Conférence Savoirs pour tous : Expression musicale, tradition et identité, d’Amérique en Polynésie : approche structuraliste et perspectives civilisationnelles
La construction identitaire s’opère au gré de facteurs multiples, notamment en lien avec les idées de transfert, d’échange, de circulation d’éléments, mais aussi d’héritage, notions particulièrement pertinentes dans le cas des peuples du Pacifique, dont l’art musical, reflet de leur histoire, mêle constituants autochtones et apports exogènes. Nombreux sont les ethnomusicologues à souligner la facilité déconcertante des Polynésiens à se réapproprier les codes musicaux extérieurs pour donner naissance à des formes artistiques nouvelles. Construction protéiforme qui résulte de la transmission et de la transformation de fragments divers, sur le mode de l’hybridation ou du syncrétisme, l’identité musicale des communautés du Pacifique est l’aboutissement d’un processus résolument inscrit dans le temps, dont le passage inéluctable pose aussi la question de la préservation des formes artistiques dites « traditionnelles » et de leur essence dans un contexte perpétuellement changeant, par ailleurs marqué par l’omniprésence, dans la Polynésie contemporaine, de l’influence culturelle anglophone.
Durant l’été 2019, un groupe de kia’i, ou protecteurs, composé de kānaka ‘ōiwi (natifs de Hawaii) et de leurs alliés, ont uni leurs efforts afin de protester contre l’édification du Télescope de Trente Mètres, ou Thirty-Meter Telescope (TMT), au sommet du volcan endormi Mauna Kea, sur lîle de Hawai‘i. Mele on the Mauna se penche sur le rôle de la musique, plus particulièrement des haku mele, les compositeurs d’œuvres artistiques en langue hawaiienne, dans le cadre de ce mouvement de contestation. De nombreux musiciens se sont précipités sur les lieux pour se produire en l’honneur des kia’i mais aussi pour un auditoire mondial, par le biais de différents réseaux sociaux. À cette occasion, dans un élan créatif sans précédent, les haku mele ont élaboré des œuvres inédites, commercialisées pour la plupart et dont les recettes ont pu être reversées aux organisations qui soutenaient l’engagement des kia’i, notamment en les approvisionnant.
Biographie des conférenciers
Florent Atem est Maître de conférences à l’université de la Polynésie française, où il enseigne la civilisation américaine et la linguistique anglaise. Agrégé d’anglais et lauréat du Prix de thèse 2016 d’Aix-Marseille Université, il est spécialiste de l’expédition Lewis et Clark ainsi que de la jeune république nord-américaine. Co-auteur d’une étude comparative du tahitien, du français et de l’anglais, il s’intéresse aussi aux rapports entre tradition musicale, histoire et identité chez les peuples d’Amérique du Nord et du Pacifique.
Keola Donaghy est enseignant-chercheur à l’université de Hawai‘i - campus de Maui, où il coordonne le programme de musicologie. Titulaire d’un doctorat (PhD) d’études musicales de l’université de Dunedin, en Nouvelle-Zélande, il dirige aussi l’Institut de musique hawaiienne, à Maui. Ses recherches portent sur la place et le rôle de la musique au sein de la culture et de l’histoire hawaiiennes, notamment dans le cadre de mouvements de résistance autochtones.
Références bibliographiques du conférencier
Atem F. (2010). « Rap et hip hop », « Rock », Dictionnaire des États-Unis. Daniel Royot (éd.), Paris : Larousse.

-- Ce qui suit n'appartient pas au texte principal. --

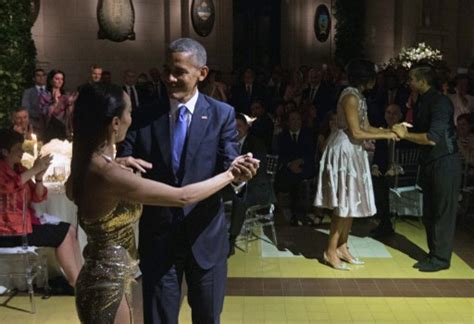 Barack Obama Se Atrevi Y Bail Tango En Argentina Durante Una Cena De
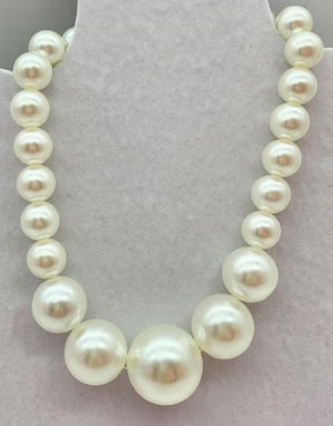Pearl classic necklace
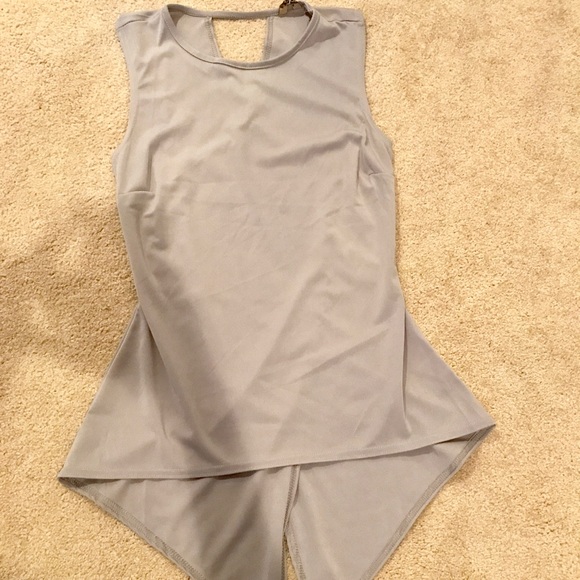 (last One) Gray Cross Back top - Picture 5 of 6
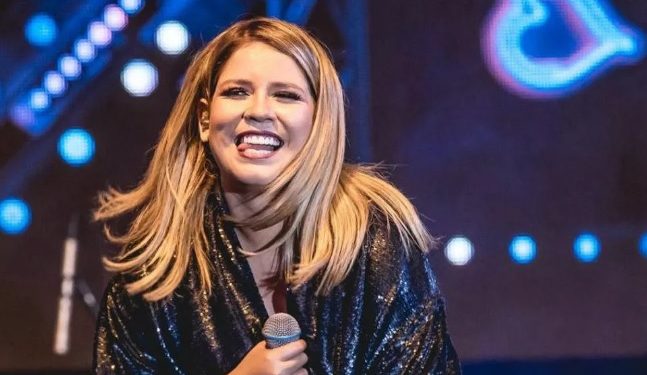 Marília Mendonça e mais 4 morrem em queda de avião no interior de MG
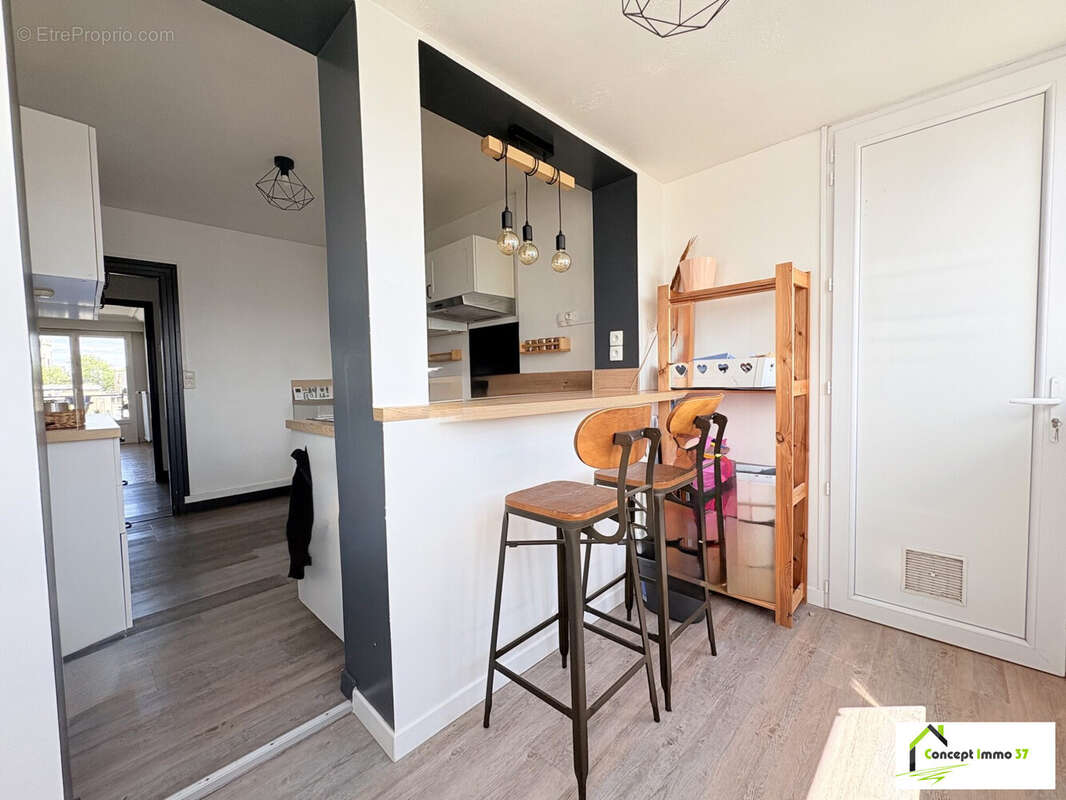 Appartement 84 m² à Tours  - photo 4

Atem F. (2019). « Chant – Hīmene », « Musique », « Ukulele », Les us et coutumes mā’ohi en quelques mots. Antoine Leca, Vāhi Sylvia Tuheiava-Richaud (éds.), Mahina : Association / Tā’atira’a Parau.
Atem F. (2022). « Syncrétisme musical à Tahiti et à Hawai’i : du fragment artistique au ferment identitaire, entre tradition et modernité », Bulletin de la Société des études océaniennes, n° 357 (mai/août 2022), pp. 6-28.
Donaghy K. (2024). Mele on the mauna : perpetuating genealogies of Hawaiian musical activism on Maunakea. Bloomington : Indiana University Press.